I echo Shlomo and Anthony in appreciation for your insight on the immersive "nowness" of Mann's digital features. Public Enemies might be the most striking of the bunch for the way it refreshes tropes that have gone long past stale to calcified, finding a pulse where other directors only mine hard stone. The grim depression mother, for instance, stepping with her son into a Walker Evans pose before her homestead--a cliché revitalized by the camera backing away in guilty sympathy, capturing with equanimity the people and the endless sky against which the clothesline's burden snaps. (A rejiggering of the overfamiliar working in concert with the script; she'd slid onscreen trying to run away from all this but Dillinger shot her down.)
One parting I have from this and most other reviews I've read, is the supposed superfluity of Bale's Purvis. Narratively, perhaps, since Mann's clear outrage at the birth of America's War on Crime lacks passion in its argument. But I think to find the movie's logic you have to look at it more abstractly. Dillinger is movement, Purvis stillness.
Even at a red light Dillinger can't tamp down the urge to bolt, fidget, reach for the heavy reassurance of his gun. He's constantly active, even in repose, shrugging an arm or tilting his head or letting new ideas and emotions surface on his pretty face. (His realization of his love for Billie, a series of quick smiles that crest and recede across his lips like gentle waves, is one of the loveliest things I've ever seen Depp do.) He embodies the ethos he frequently claims, of constant momentum, the freedom to be found in moving on.

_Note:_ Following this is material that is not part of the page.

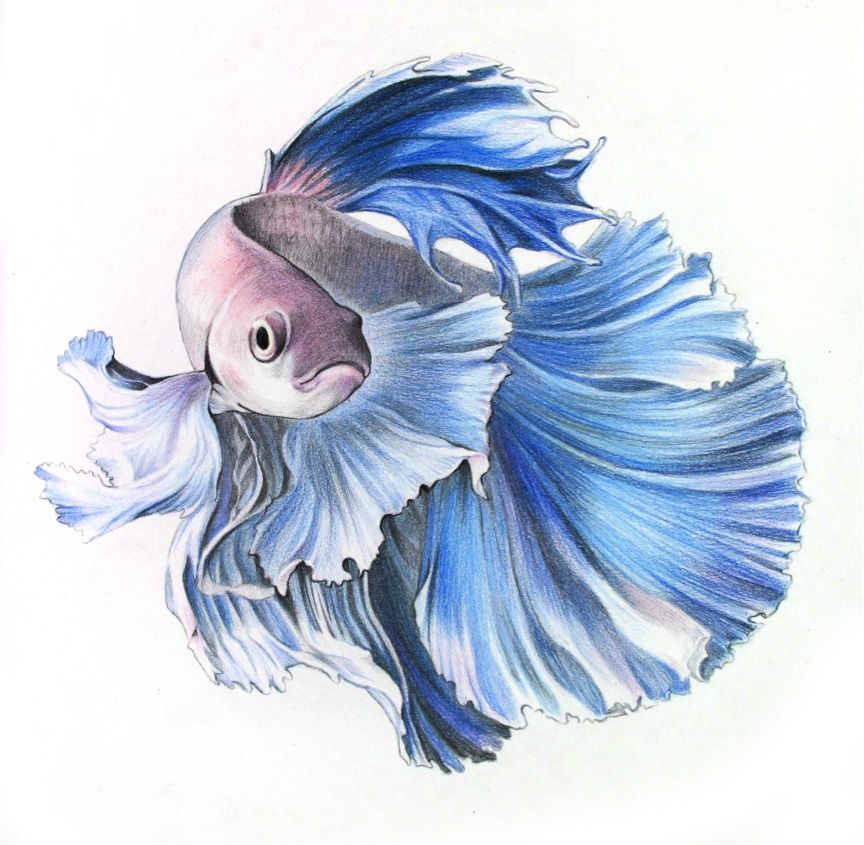 彩色鉛筆畫之泰國斗魚的畫法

While Purvis tends to fill the frame as imposingly and steadily as a tree, or a locked door. Pretty Boy Floyd's race through the woods (hypnotically blue suit racing through pale green horizon lines--another dazzling Mann composition) is halted because Purvis stops himself, and fires from a calm but rigid stance. His few bits of physical business--trying to charm the reporters or put his underlings in a winning vibe--are deliberately, painfully staccato, the measured tics of a company man ("Men like us," he warns Mr. Hoover, "can't catch him.") trying to act like one of the boys.
Baby Face Nelson's fatal shooting is hammered home when his breath stops misting in the night air; we cut to Purvis, watching, and there's no breath coming from him either. Forsaking Dillinger's mercurial impulsiveness for the lockstep of bureaucratic compromise, he's dead without even knowing it. Or maybe he did; his titlecard sendoff is rather nasty in its plain-spoken way, and while I haven't settled all the questions the film raises it does seem consistent with Mann's worldview that compromise is an underling's first step toward self-immolation. Seated in the theater Dillinger takes Clark Gable's "better to burn out" lesson to heart; waiting outside with his cigar, anxiously drawing out his matches before the crowd begins to exit, Purvis might have heard some muffled, incoherent echo of the line, a mumble that haunted him several decades down the line.

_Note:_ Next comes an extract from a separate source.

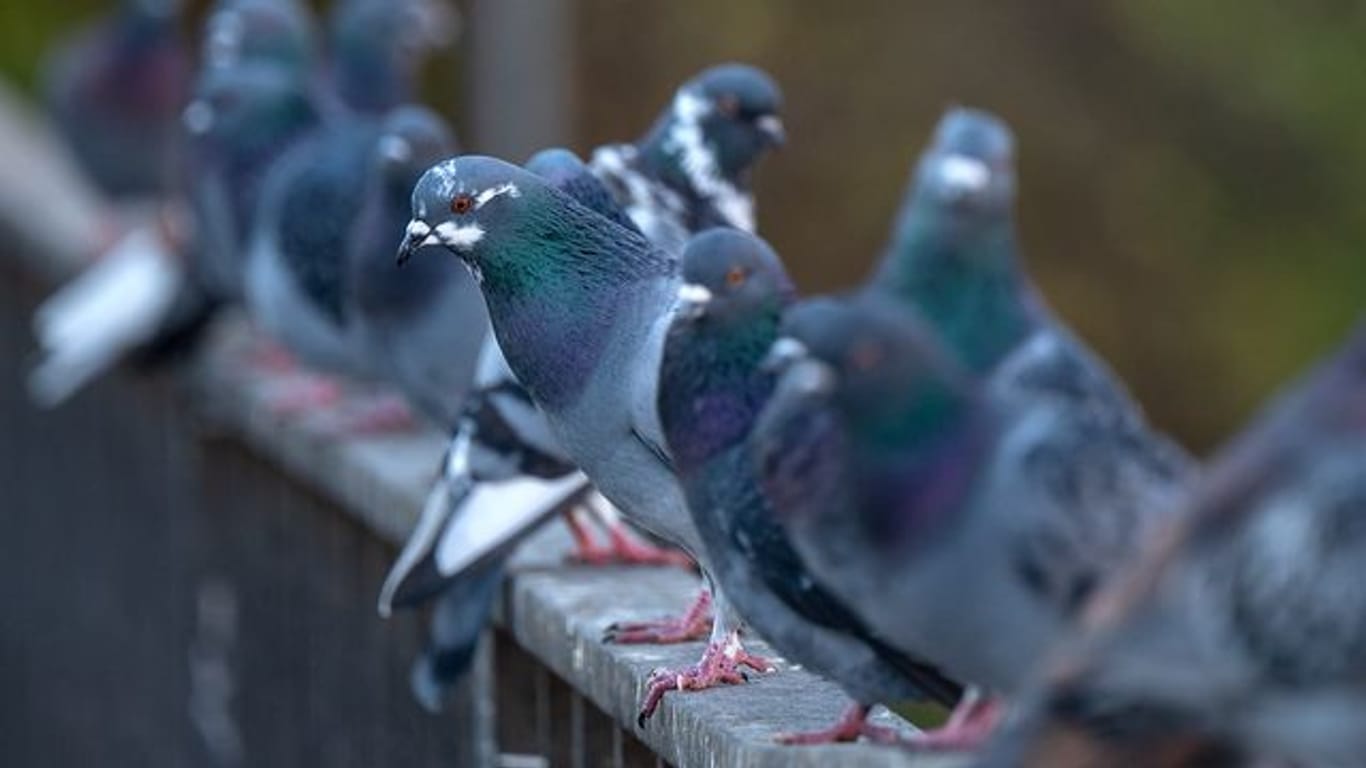 Zahlreiche Tauben sitzen auf einem Geländer.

Me, I'd much rather be a live coward all things considered.
BTW, I've been loving the soundtrack to the film. Mann has a great ear for the music in his films, and I think this is no exception. The score is a bit too gushy at times (I suspect due to Mann's testing how old practices mesh with the new form), but Goldenthal does a good job. The song selection is particularly strong here. Otis Taylor's 'Ten Million Slaves' kicks all kinds of ass, alone and in the film.

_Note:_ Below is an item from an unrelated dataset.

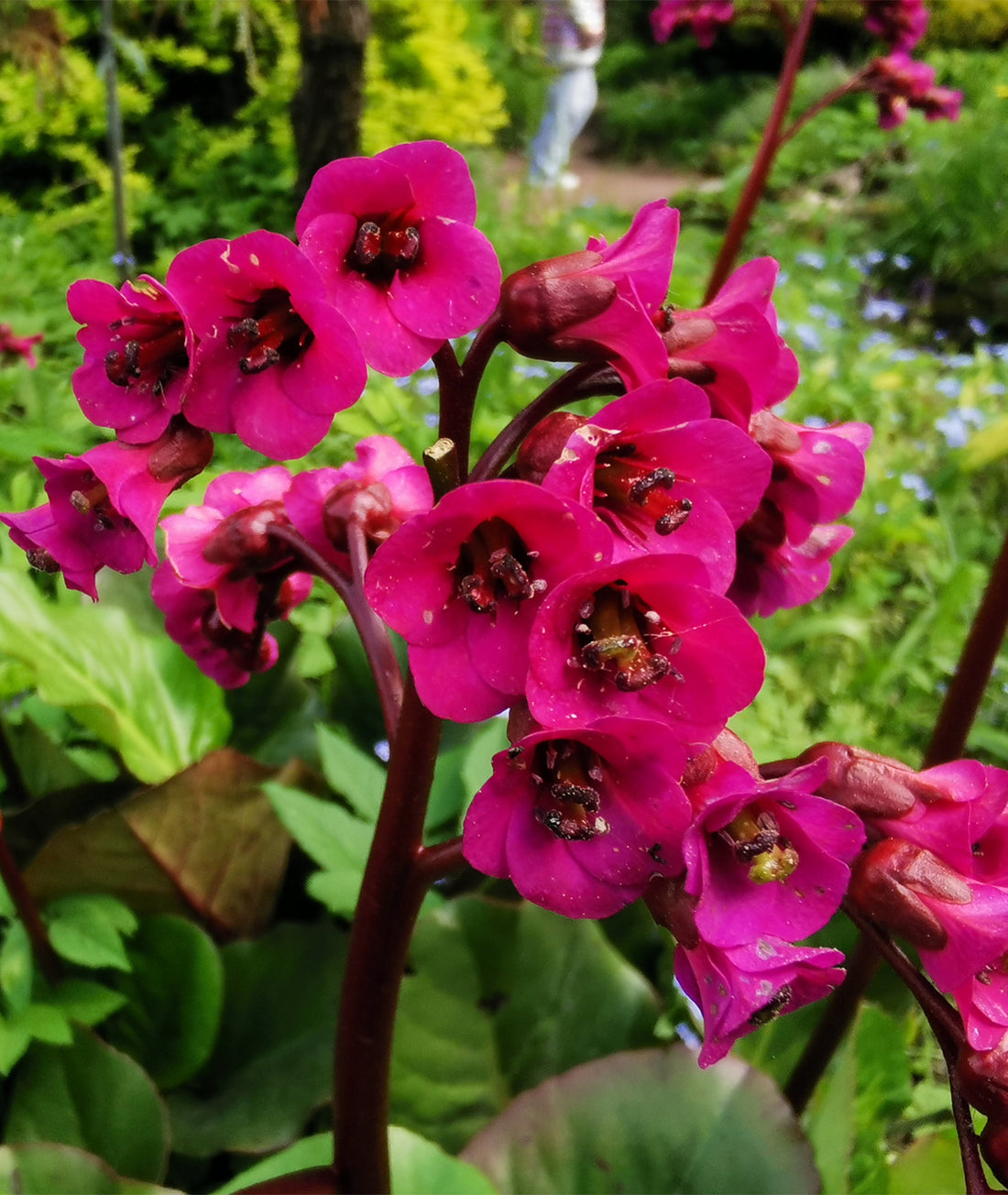 Bergenia &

Really strange to read all your impressions of Mann's use of HD. To me, it was exactly the opposite: the HD-look in Public Enemies often took me out of scenes/the movie and made me totally aware that what Iam watching is NOT really happening, but a movie. A movie, that -in the worst scenes- has the video-loook of some 80s-porn-movie. No kidding: do you remember those porn flicks were they tried to make a gangster pic, with old cars, tommy guns and all...but shot on video.
Really strange how different the effect can be to different viewers. In "Collateral" and "Vice" the HD-look worked quite well, though, I think. Maybe it's the fact that "Enemies" is a period "film", were the contrast feels even more pronounced?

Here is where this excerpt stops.